Sending employers a strong message, a federal court in Minnesota has ruled that even an arbitrator’s award may be overturned where the employer seeks to enforce a disciplinary policy that was not in place when the employee’s alleged misconduct took place. National Football League Players Association (on behalf of Adrian Peterson) v. the National Football League, No. 14-4990 (DSD/JSM) (D. Minn., Feb. 26, 2015).

In a much-publicized news story, Minnesota Vikings running back Adrian Peterson was disciplined harshly by the NFL in the wake of public outcry over what many decried as the NFL’s excessively lenient application of its personal conduct policy toward Baltimore Ravens running back Ray Rice. Rice received only a two-game suspension for knocking his wife unconscious in a hotel elevator. Apparently in response to the unfavorable reaction his action received, NFL Commissioner Roger Goodell then changed the personal conduct policy, toughening the sanctions NFL players would receive for being involved in criminal offenses. Goodell said the existing League policy was deficient.

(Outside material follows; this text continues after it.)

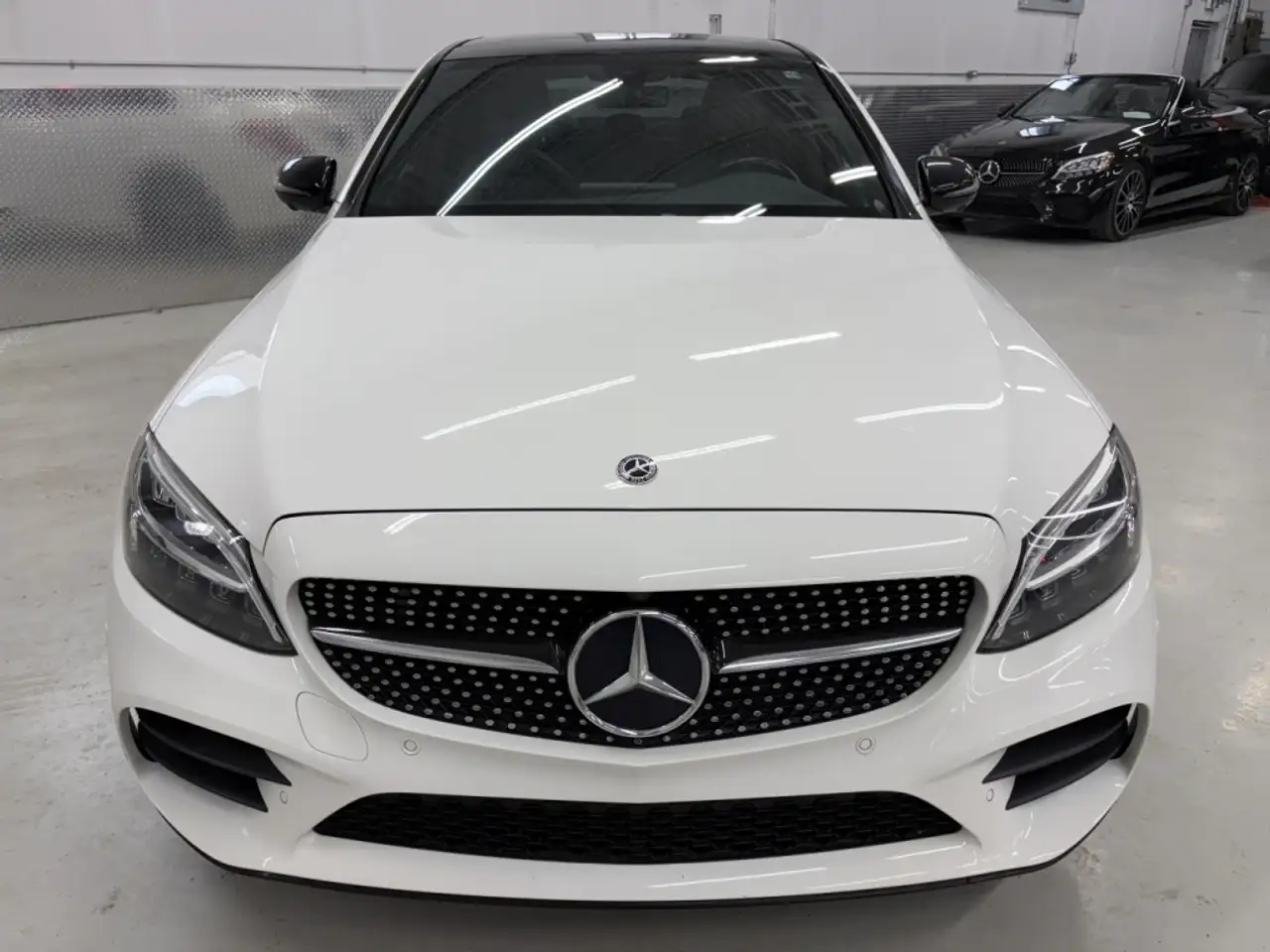 Mercedes-Benz C-Class снимка Mercedes-Benz C-Class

On August 28, 2014, the Commissioner issued an enhanced personal conduct policy increasing the sanctions for domestic violence and sexual assault incidents. The issue in this case arose because Peterson’s alleged misconduct, the injury to his child while Peterson was disciplining him, occurred in May 2014, well before the new policy was drafted or adopted. 

Nevertheless, Commissioner Goodell enforced the new policy against Peterson, suspending him for the remainder of the 2014 season, fining him six weeks’ pay, and ordering him to participate in counseling and treatment. Commissioner Goodell also warned that a failure by Peterson to cooperate during counseling or with the NFL’s supervision of his suspension could result in a lengthier suspension without pay. 

The National Football League Players’ Association (NFLPA) appealed the discipline and an arbitrator was appointed to resolve the dispute. Affirming Commissioner Goodell’s discipline in all respects, the arbitrator noted the Commissioner had “broad discretion” to impose discipline under the new personal conduct policy, which implicitly meant that he could impose discipline under it retroactively. The arbitrator also found, however, that the discipline imposed on Peterson was greater than that which was imposed in previous cases under the earlier personal conduct policy that was in effect when Peterson committed the misconduct. 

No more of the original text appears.